La probabilité que les agents de la CIA à présent recherchés
aient jamais à répondre de leurs actes est minime, les mandats d’arrêt
n’étant valables qu’en Europe et les autorités américaines refusant
toute collaboration. De plus, il est probable que la majorité des agents de la CIA
figurent sur la liste du procureur général sous de faux noms.
Et pourtant, ces mandats d’arrêt représentent une source
d’embarras pour les gouvernements allemand et italien. Les deux
gouvernements ont officiellement condamné les soi-disant « restitutions »
extraordinaires (« renditions ») notamment le rapt et le transport de
personnes suspectées de terrorisme dans des camps de torture. Dans la pratique,
cependant, les deux gouvernements, italien et allemand, ont toléré ou ont même
collaboré avec les Etats-Unis dans le cadre de telles activités.
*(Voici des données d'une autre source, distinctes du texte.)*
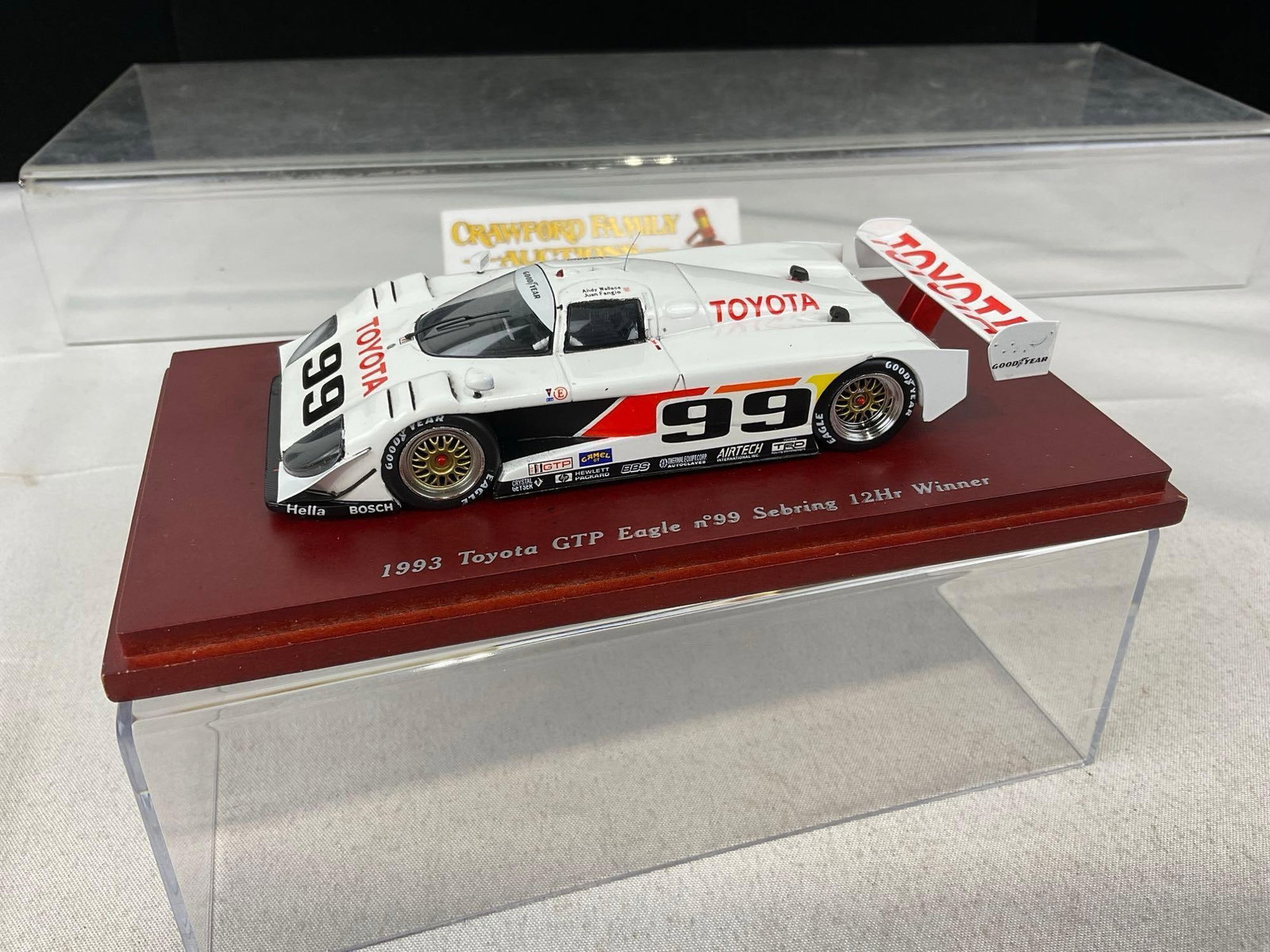 TrueScale 1/43 Scale Diecast Car 1993 Toyota GTP Eagle Sebring 12H, Andy Wallace - 2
Le gouvernement allemand par exemple, n’a rien fait pour
empêcher que la base aérienne américaine de Ramstein sur le sol allemand serve
de plaque tournante aux « restitutions ». Il y a également des
indications selon lesquelles les autorités allemandes ont fourni à la CIA des
informations sur el-Masri. Jusque-là, ces rapports n’ont été ni confirmés
ni démentis.
En 2001, Murat Kurnaz qui est né et qui a grandi à Brême, dans
le nord de l’Allemagne, a été arrêté en Afghanistan et livré à
l’armée américaine contre le paiement d’une prime. Durant son
emprisonnement en Afghanistan, il fut gardé par des soldats allemands et des
agents allemands furent par la suite impliqués dans ses interrogatoires à la
prison de Guantánamo. Bien que les autorités américaines et allemandes aient
été très tôt en mesure d’établir l’innocence de Kurnaz,
l’ancien gouvernement allemand (Parti social-démocrate et Verts) dirigé
par le chancelier Gerhard Schröder fit, pendant des années, tout son possible
pour empêcher sa libération et son retour en Allemagne. Le responsable direct
du sort de Kurnaz était à l’époque le chef de la chancellerie allemande, Frank-Walter
Steinmeier. Steinmeier est aujourd’hui le ministre allemand des Affaires
étrangères.
L’actuel gouvernement allemand dirigé par Angela Merkel
(Parti chrétien-démocrate) a immédiatement cherché à se distancer des mandats
d’arrêt émis par le parquet de Munich. Le porte-parole du gouvernement,
Ulrich William, a déclaré que l’affaire ne regardait que la justice. Afin
de ne pas aggraver la tension avec Washington, il a insisté pour dire :
« Nous sommes, bien sûr, prêts à coopérer s’il s’agit de
combattre le terrorisme. »
Le gouvernement italien a adopté une attitude identique. A cet
égard, il n’y a pas de changement politique entre l’ancien
gouvernement de droite dirigé par Silvio Berlusconi et l’actuelle
coalition de centre-gauche menée par Romano Prodi. Les demandes
d’extradition faites par les autorités judiciaires milanaises à
l’encontre des agents de la CIA se trouvent depuis des mois sur le bureau
du ministre italien de la Justice, Clemente Mastella, chrétien-démocrate, et il
est clair que le gouvernement Prodi cherche à tout faire pour éviter de fâcher
le gouvernement américain ou de le compromettre.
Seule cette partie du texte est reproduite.